ATUALIZADA. Embaixada russa foi contactada 27 vezes. Auditoria interna conclui que Gabinete de Apoio à Presidência mudou as regras e passou a enviar para as embaixadas visadas dados mesmo quando os protestos não ocorriam junto das instalações da Câmara.

DN e Lusa

Uma auditoria interna da Câmara Municipal de Lisboa sobre o envio de dados de manifestantes para embaixadas revela que o Gabinete de Apoio à Presidência tinha conhecimento desse procedimento desde 2018 e que, desde essa altura, foi imposta uma mudança de procedimentos: não apenas se continuava a informar as embaixadas de manifestações realizadas nas imediações da CML, mas também se passaram a enviar elementos dos manifestantes para as representações visadas pelos protestos mesmo quando estes realizavam noutro local.

"O núcleo do Gabinete de Apoio ao Presidente passou a adotar a prática de remeter o aviso não só para outras entidades de acordo com a localização da realização da manifestação, mas também para as entidades visadas, designadamente as embaixadas", lê-se no documento de 47 páginas citado esta noite pela TSF, que avançou com a notícia.

Nesta auditoria preliminar, pedida agora pelo presidente da Câmara, Fernando Medina, na sequência do escândalo tornado público pelo Expresso e pelo Observador do envio de dados de manifestantes anti-Putin para a embaixada da Rússia, conclui-se ainda que para os casos das manifestações nunca não foi posto em prática o Regulamento Geral de Proteção de Dados, que entrava em vigor nesta altura.
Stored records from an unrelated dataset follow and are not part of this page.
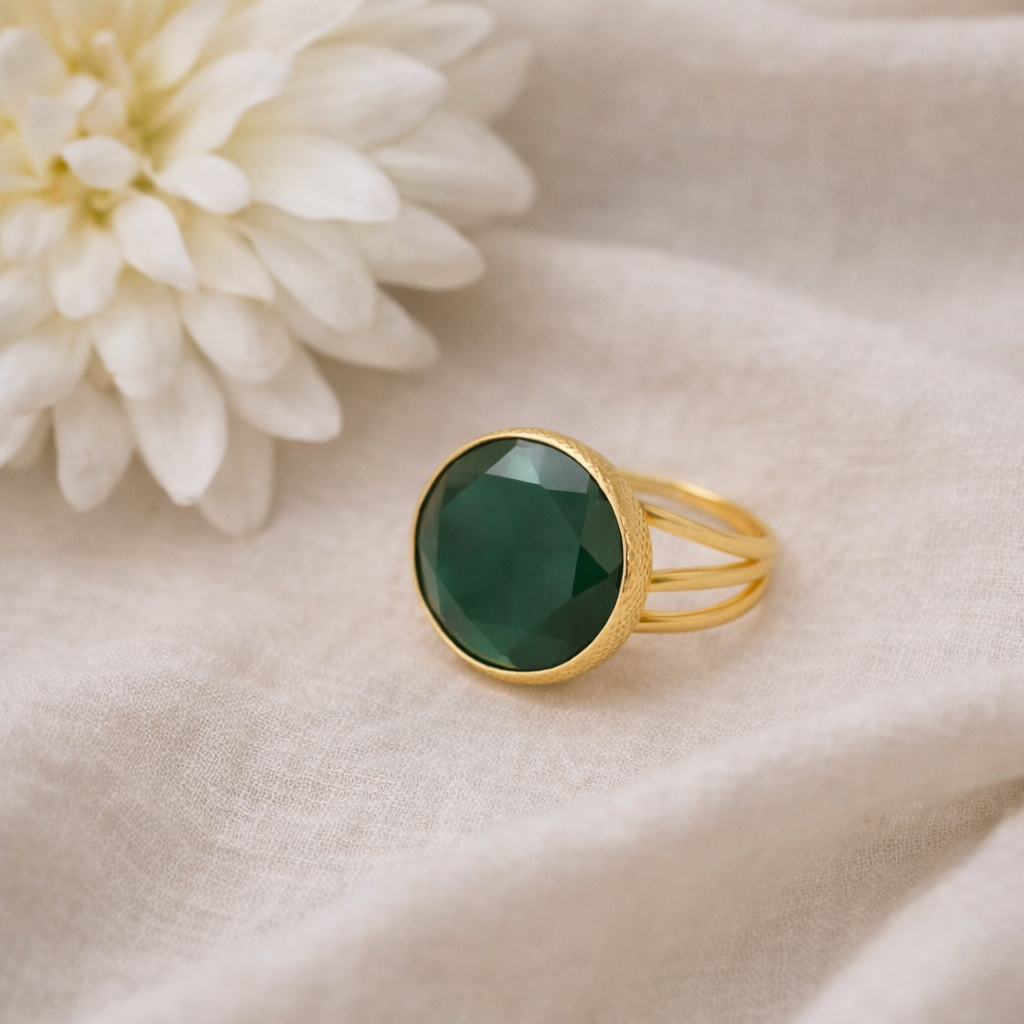 ANELLO ELEGANCE VERDE SCURO TONDO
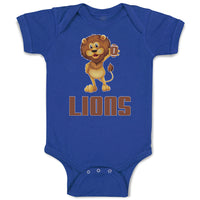 Baby Clothes Lions Wild Animal Standing with Rugby Ball Sport Baby Bodysuits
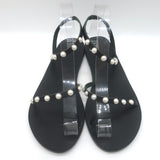 Ancient Greek Sandals Eleftheria Pearls Sandals Black Leather Size 40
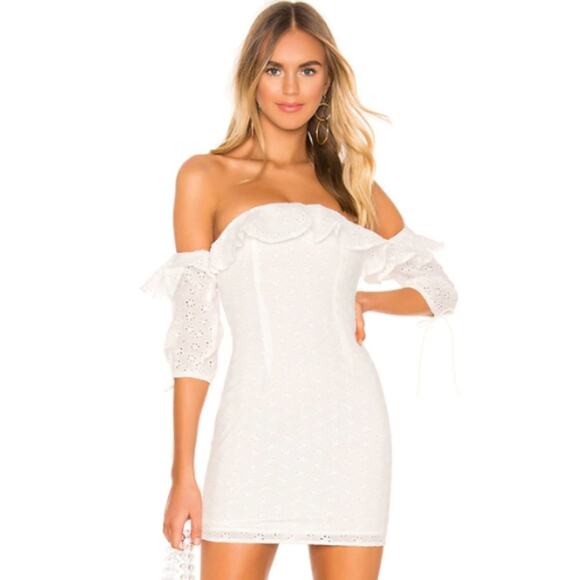 superdown Martina Ruffle Dress in White NWT Size XS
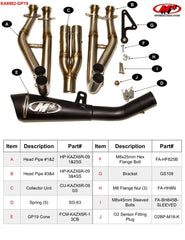 M4 Exhaust Full System Black GP19 with canister ZX6R ZX6 2009 - 2025 KA6982-GP19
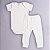 Conjunto Body e Calça Bebê Manga Curta Branco Suedine 100% Algodão - Imagem 1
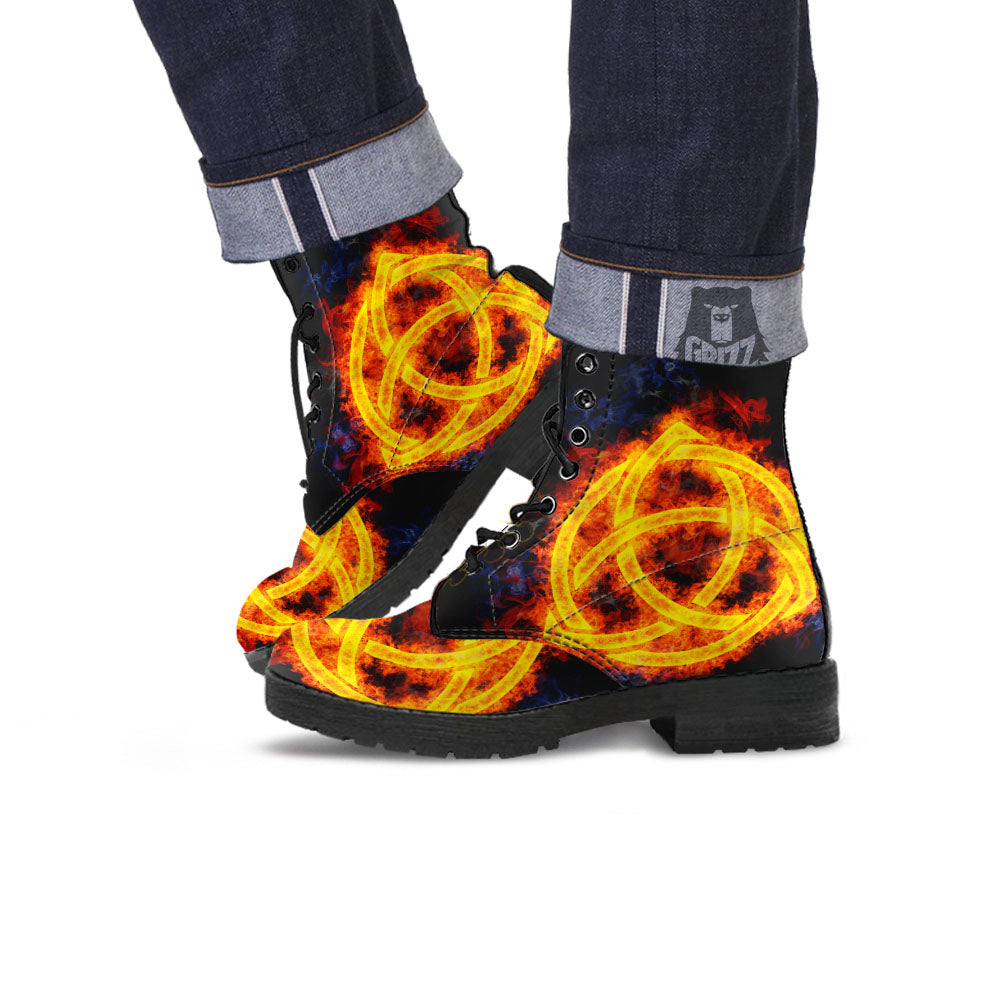 Knot Fire Celtic Print Leather Boots-grizzshop
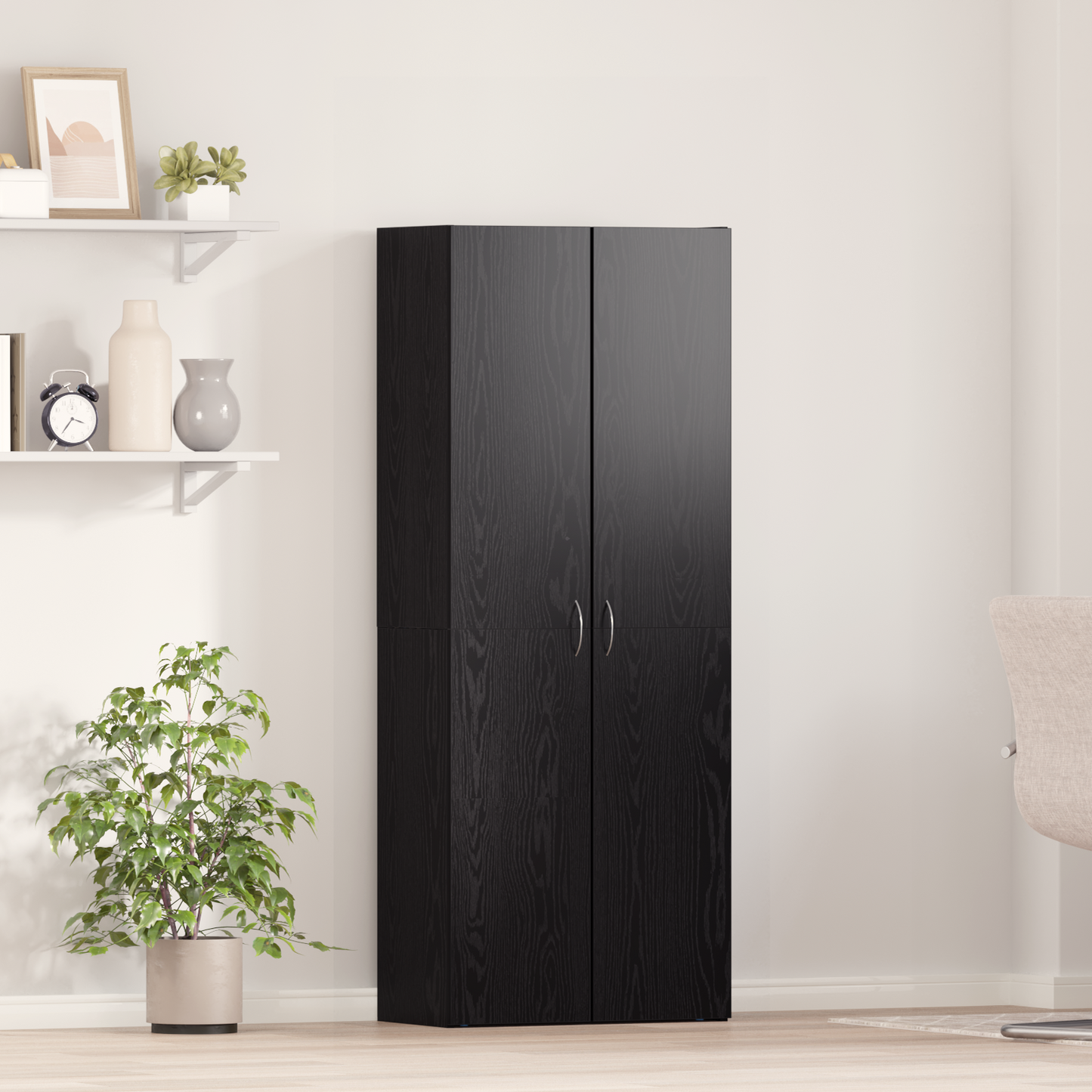 Office Cabinet Black Oak 60 x 32 x 152.5 cm Engineered Wood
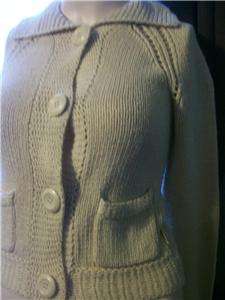 HOLLISTER Beige Short Heavy Knit Cardigan Sweater Sz M  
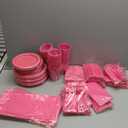 808 Pieces Disposable Plastic Dinnerware Set, Plastic Cutlery Set Includes 100 Of Each Dinner Plates|Dessert Plates|Cups|Napkins|Straws|Spoons, Forks & Knives (Hot Pink, 808PCS100 Guests)
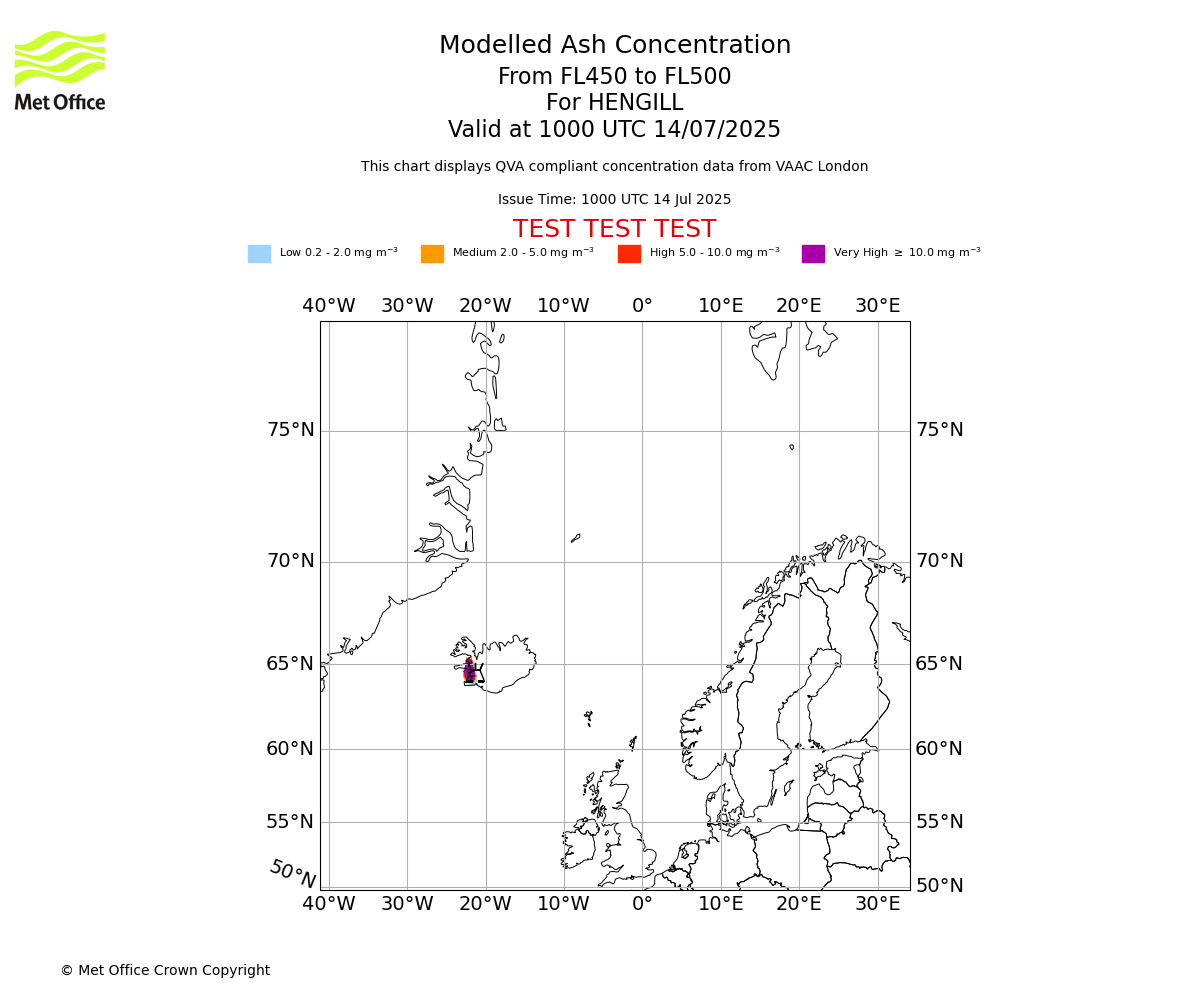 Modelled ash concentration from 450 to 500 for HENGILL. Valid at 1000 UTC 14/07/2025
"No âmbito dos levantamentos feitos por esta Equipa de Projeto e pelos vários pivôs identificados nos vários serviços, nomeadamente no âmbito do levantamento realizado pela Secretaria-Geral da Câmara Municipal de Lisboa, o procedimento respeitante ao tratamento de avisos de manifestação não foi contemplado no Privacy Impact Acessment", pode ler-se no documento consultado pela TSF.

Isto apesar de ter sido criada na CML uma equipa de missão "especificamente para a acompanhar a implementação" do processo de adaptação às novas regras. Só que deixaram de fora as manifestações.

Dificuldades na interpretação pelos serviços de um protocolo interno levaram a Câmara de Lisboa a enviar, desde 2012, informações sobre os promotores de manifestações à embaixada russa, em 27 ocasiões, de acordo com o mesmo relatório.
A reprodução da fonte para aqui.